Details of the new policy were unveiled a fortnight ago after the NSW Liberals and Nationals made a deal on koala protection which gives more concessions to farmers.
The new planning regulations will leave them largely exempt from extra koala protection responsibilities.
Rural areas will be removed from the new State Environment Planning Policy on koalas and come under a new code that is yet to be developed.
Land that is zoned for farming and forestry will not be subject to the rules designed to protect koala habitat.
The changes will focus on high-conservation areas where 95 per cent of development occurs, and there'll be specific plans for koala habitat in the Tweed and Byron shires.
However, NSW Farmers Association president James Jackson said he was concerned about the finer detail.
"The stinger of this is in the tail, and that is the proposal to actually review land management codes," he said.
"So although on the face of it it seems to be something we concur with, the stinger is exactly how the land management codes and guidelines will be affected."
Mr Jackson said he would be looking for more clarification on the new policy and for more information regarding reviews of land management codes.
"We're desperately trying to find out exactly what this means and what the impact is for our farmers and their ability to conduct their business on their land," he said.
However, Mr Jackson denied that any concessions given to farmers would see koalas threatened.
"The koalas that are alive in New South Wales at the moment are almost exclusively alive on private property managed under these codes."
'Catastrophic' policy
Green groups have labelled the new policy as "catastrophic".

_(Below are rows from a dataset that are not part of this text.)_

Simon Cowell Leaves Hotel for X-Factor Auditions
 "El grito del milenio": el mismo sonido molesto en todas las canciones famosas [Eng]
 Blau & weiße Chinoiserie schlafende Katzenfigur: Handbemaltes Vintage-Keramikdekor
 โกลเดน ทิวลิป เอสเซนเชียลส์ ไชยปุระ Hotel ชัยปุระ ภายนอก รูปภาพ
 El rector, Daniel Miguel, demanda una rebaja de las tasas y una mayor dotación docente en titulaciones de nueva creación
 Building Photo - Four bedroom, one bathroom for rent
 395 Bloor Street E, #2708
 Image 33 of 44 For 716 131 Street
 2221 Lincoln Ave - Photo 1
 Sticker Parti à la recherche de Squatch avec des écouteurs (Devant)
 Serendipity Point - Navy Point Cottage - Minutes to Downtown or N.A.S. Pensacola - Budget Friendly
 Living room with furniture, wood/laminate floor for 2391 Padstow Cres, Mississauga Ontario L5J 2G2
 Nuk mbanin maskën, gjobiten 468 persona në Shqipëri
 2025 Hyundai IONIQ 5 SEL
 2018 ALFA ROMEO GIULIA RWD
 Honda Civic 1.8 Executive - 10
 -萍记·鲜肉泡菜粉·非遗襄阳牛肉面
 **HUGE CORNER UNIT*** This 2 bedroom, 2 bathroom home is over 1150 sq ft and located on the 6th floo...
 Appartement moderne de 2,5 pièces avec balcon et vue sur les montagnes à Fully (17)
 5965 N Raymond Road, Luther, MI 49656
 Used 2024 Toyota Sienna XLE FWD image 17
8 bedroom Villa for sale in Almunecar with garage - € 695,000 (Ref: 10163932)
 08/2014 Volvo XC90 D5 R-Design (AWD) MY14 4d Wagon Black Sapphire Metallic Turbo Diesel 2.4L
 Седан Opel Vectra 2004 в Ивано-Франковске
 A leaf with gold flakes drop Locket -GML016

A forest conservation group has described the NSW Government's new koala policy as a death blow for koalas.
North East Forest Alliance president Dailan Pugh said he was concerned that it removed councils' ability to regulate logging on private land.
"So council can no longer require a consent for logging or prohibit it, so currently throughout north-east New South Wales there's something like 167,000 hectares of land that's zoned for protection where logging's not allowed and there's about another 600,000 hectares where councils require consent," he said.
"So under what they're proposing here, all that protection gets removed.
"Across the board, councils' ability to regulate what occurs on private land is gone in terms of logging and they're doing that because they're concerned that too many councils are, to use their words, 'greenie councils' who are requiring these constraints for logging.